**Directions for this task**
Exclude the pictures and repeat all of the data exactly.
=== Begin Enclosure ===
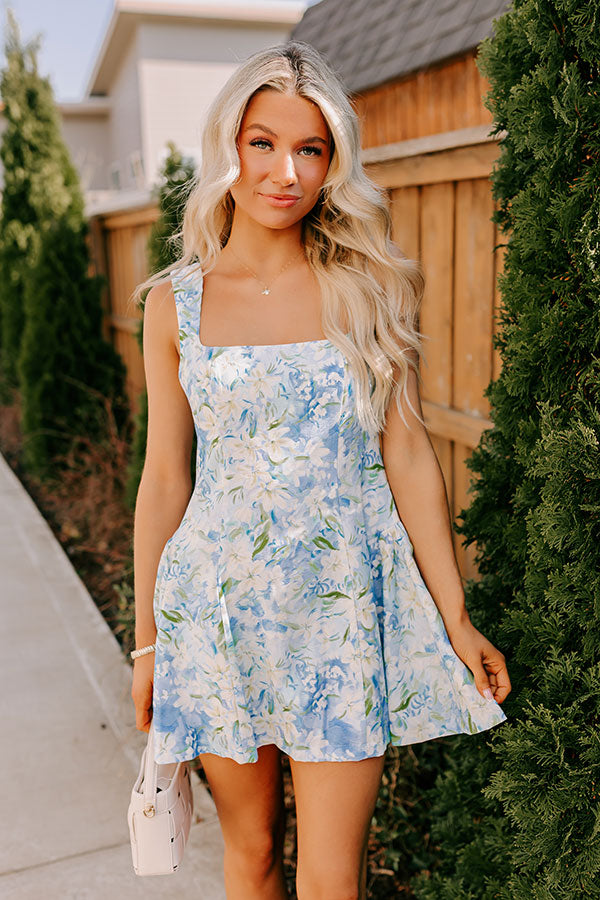 Fashion Party Dresses Page Impressions Online Boutique Fashion Party Dresses Page Impressions Online Boutique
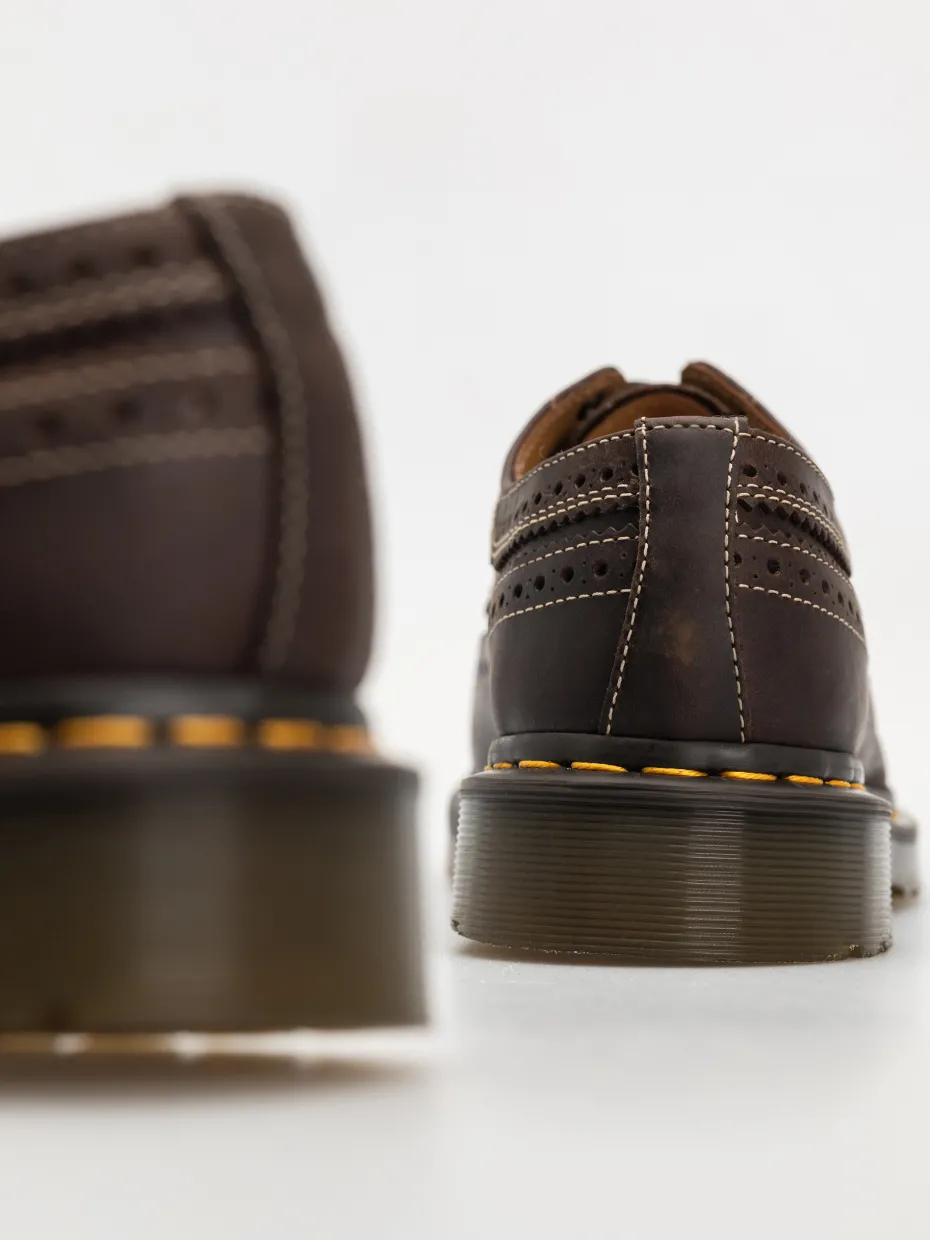 Dr. Martens 3989 YS Shoes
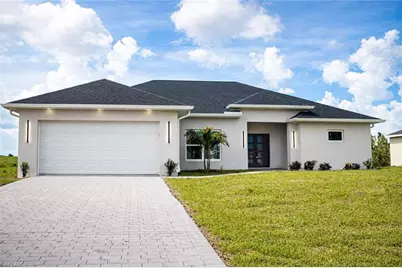 2906 NW 22nd Ave, Cape Coral, FL 33993 - Photo 1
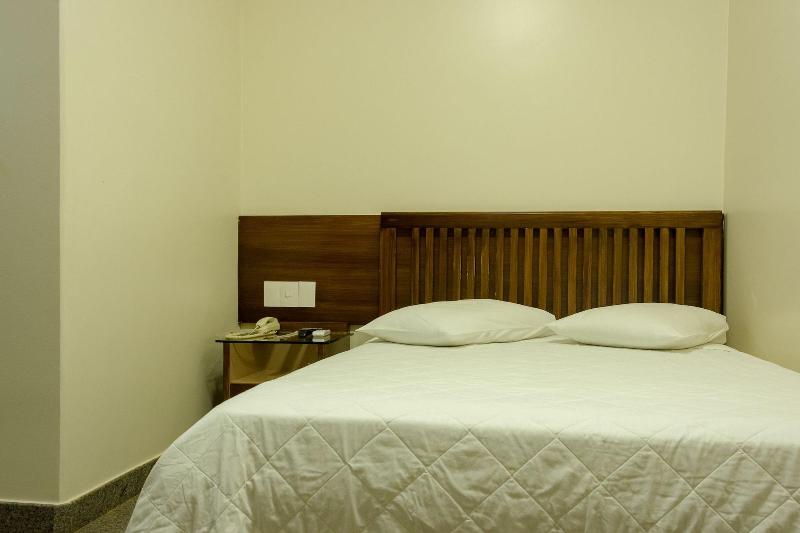 Lindoya Hotel image 10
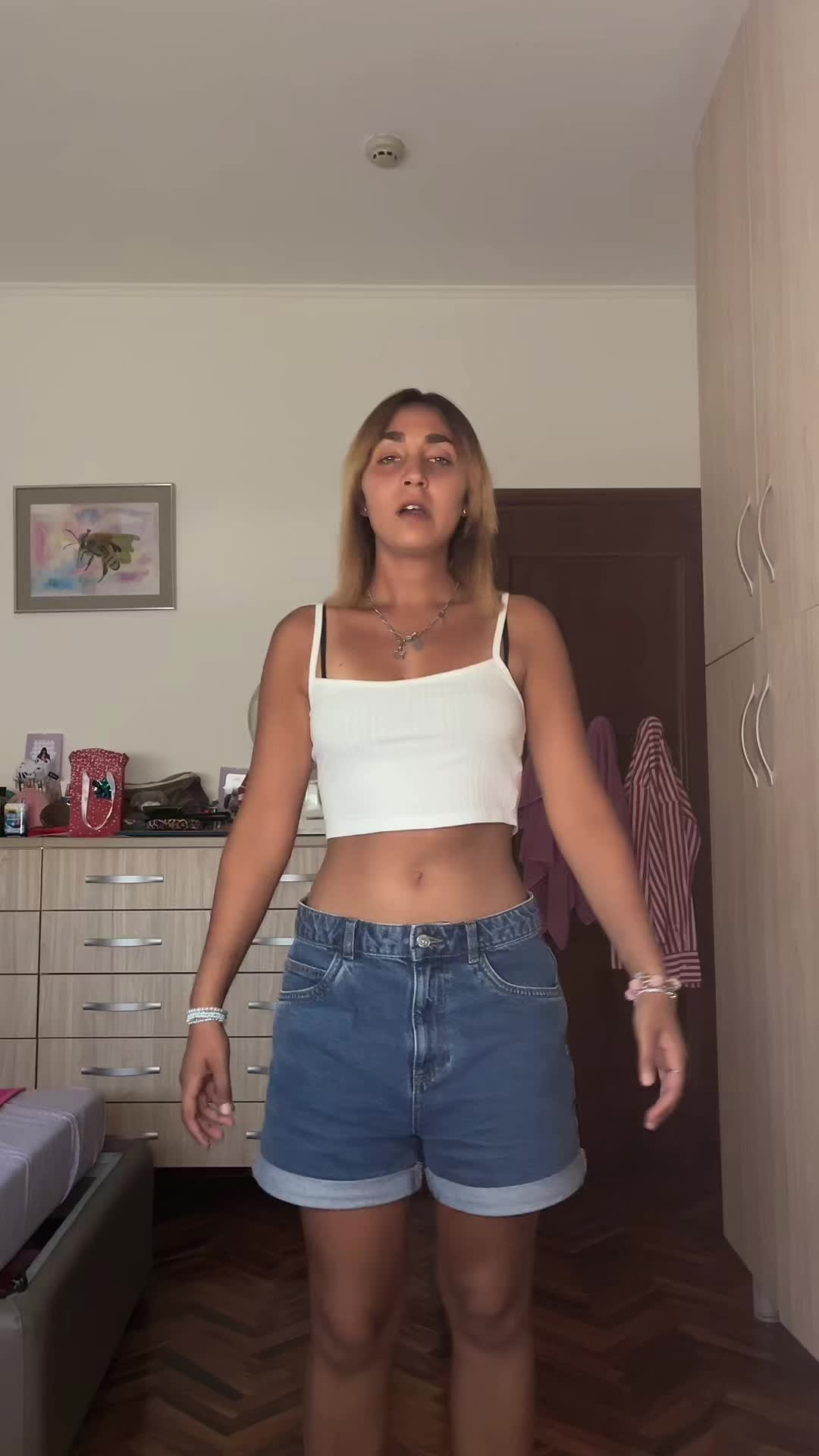 @asiamarcon2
=== End Enclosure ===
**Answer to the exercise**
 Fashion Party Dresses Page Impressions Online Boutique Fashion Party Dresses Page Impressions Online Boutique
 Dr. Martens 3989 YS Shoes
 2906 NW 22nd Ave, Cape Coral, FL 33993 - Photo 1
 Lindoya Hotel image 10
 @asiamarcon2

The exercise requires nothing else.